Fast forward three years and I remain unimpressed by the STEM community at-large (when it comes to diversity). STEM is in the midst of a powerful, collective backslide spurred by knee jerk political reactions to appease the people actively working to erode queer rights.

I’m fatigued and dismayed, but I’m also hopeful. Because my focus, as an editor and reporter, is on technology and the future.

Technology gives queer voices a platform we’ve never had before. We can reach each other with incredible ease thanks to social media and the internet. We’re finding support in places that didn’t exist when many of us were young, and today’s queer youth have more resources than ever. We’re on every major social media platform, and it’s becoming more and more acceptable for us to express our sexuality with confidence thanks to the bravery of people like Lil Nas X.

Modern mass-media makes it possible for Lil Nas X’s message (that even rapper-slash-country-singers can be queer and that’s okay) to reach every corner of the Earth. We’re educating each other and forming communities that have no borders. And, just as importantly, we’re seeing more queer representation in public (and to a lesser degree, STEM) than ever before.

But countless queer folks still live in places where their very existence is called “illegal.” Others live in countries that claim to have equal rights for all, such as the US, but continue to pass laws that legalize discrimination against anyone who isn’t cisgender and heterosexual. And still more have to hide their existence for fear of violence.

Credit: Human Dignity Trust

It is because of these threats to our livelihoods, freedom, and very lives that many of us do not have the privilege of being openly queer or honest about our sexuality, gender identity, and sexual preferences. For everyone who gets to be out, many more remain closeted out of necessity.

I have the remarkable privilege of being allowed to live my truth. I don’t have to worry about losing my job because I’m queer. Lots of companies claim they “support” diversity, but I’m actually empowered at work. I’m encouraged to speak out by my co-workers and managers.

That might sound like boot-licking, but I assure you: out queer people know how rare it is to find an employer who truly supports us.

Furthermore, I seldom have to worry about how being queer could jeopardize my mental or physical safety or put my family in harm’s way.
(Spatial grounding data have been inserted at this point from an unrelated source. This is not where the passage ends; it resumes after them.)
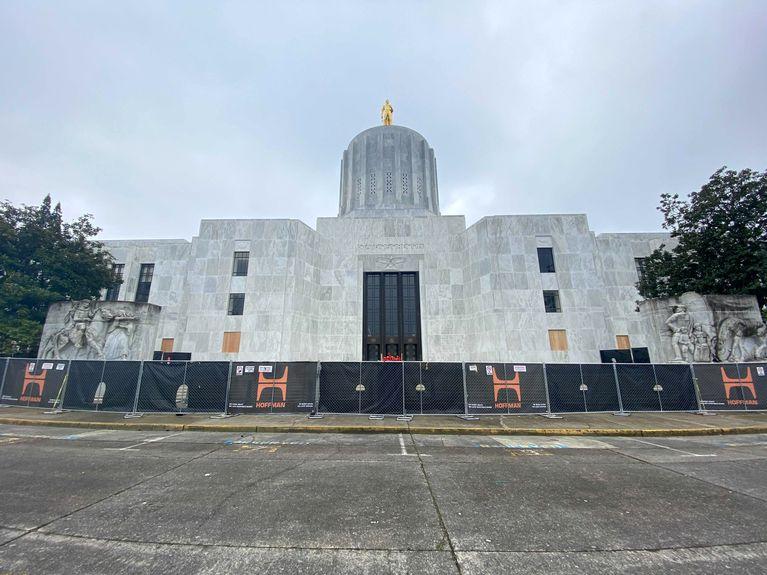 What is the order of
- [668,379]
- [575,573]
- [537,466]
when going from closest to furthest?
[575,573], [537,466], [668,379]

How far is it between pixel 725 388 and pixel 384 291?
833 inches

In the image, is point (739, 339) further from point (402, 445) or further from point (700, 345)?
point (402, 445)

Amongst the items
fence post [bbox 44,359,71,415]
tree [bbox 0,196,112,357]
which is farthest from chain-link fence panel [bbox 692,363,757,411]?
tree [bbox 0,196,112,357]

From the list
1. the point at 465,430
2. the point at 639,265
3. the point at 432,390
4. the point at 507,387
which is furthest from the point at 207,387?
the point at 639,265

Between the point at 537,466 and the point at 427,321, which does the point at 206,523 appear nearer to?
the point at 537,466

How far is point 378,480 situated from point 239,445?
15.8 ft

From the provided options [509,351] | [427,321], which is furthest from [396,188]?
[509,351]

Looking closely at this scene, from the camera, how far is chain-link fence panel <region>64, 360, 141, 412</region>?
12617 millimetres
Most people just assume I’m a typical heterosexual white man when they interact with me. That isn’t to say I haven’t faced adversity because of who I am. Most queer people do.

On that note, the theme for our Pride coverage this year is “Representation.” We’ll spend the entire month of June covering Pride stories related to STEM, but we’re going to pay particular attention to what it means to have representation in the science, technology, engineering, and math fields.

As for me, I represent a couple of letters in the “LGBTQPIA+” acronym (I call it the queer alphabet) that many people don’t immediately recognize. I’m a “P” as in pansexual, meaning I can theoretically be attracted to anyone of any gender identity.

The “pansexual” flag

But I’m also an “A.” The A stands for asexual or asexual spectrum. Other terms for this are “ace” and “aspec.” Typically ace refers to someone who experiences no or little sexual attraction. However I identify as a subset of the ace spectrum called “demisexual.”

Demisexuals, or demis, are people who tend to experience sexual attraction only after getting to know a person really well. A lot of non-ace people (we call them allosexuals, because it’s offensive to say they experience “regular” or “normal” sexual attraction) choose not to have sex with someone until they get to know them better out of moral or other operative reasons, but that’s not the same thing as being demisexual.

Most demis simply don’t experience those sexual urges and feelings toward people we don’t feel close to. This means, for example, many demis won’t have a list of celebrities they want to bang. And a lot of us don’t get turned on at the mere sight of an attractive person, even if they’re naked. I’m also demiromantic, but that’s probably a bit too much to explain in one tiny article.

The “asexual” or “ace” flag

What being queer means for me, as a white cis-male journalist working in tech, is that everyone assumes I’m straight. I’ve interviewed scores of C-level tech executives, and just as many STEM academics and, while most of them were professionals to the letter, it’d still take more than two hands to count the times I was subjected to unwarranted heteronormative bro crap about attracting and/or banging cishet women or made to feel like one of “those people” as someone casually commented on queerness to me under the assumption I was a fellow cishet.

The tech world, by-and-large, is an accepting place for queers. We’re allowed to be here. We’re just not as allowed to be here as heterosexuals. And yet, my privilege as a white cis-male keeps me safe from the majority of discrimination aimed at queer STEM workers. 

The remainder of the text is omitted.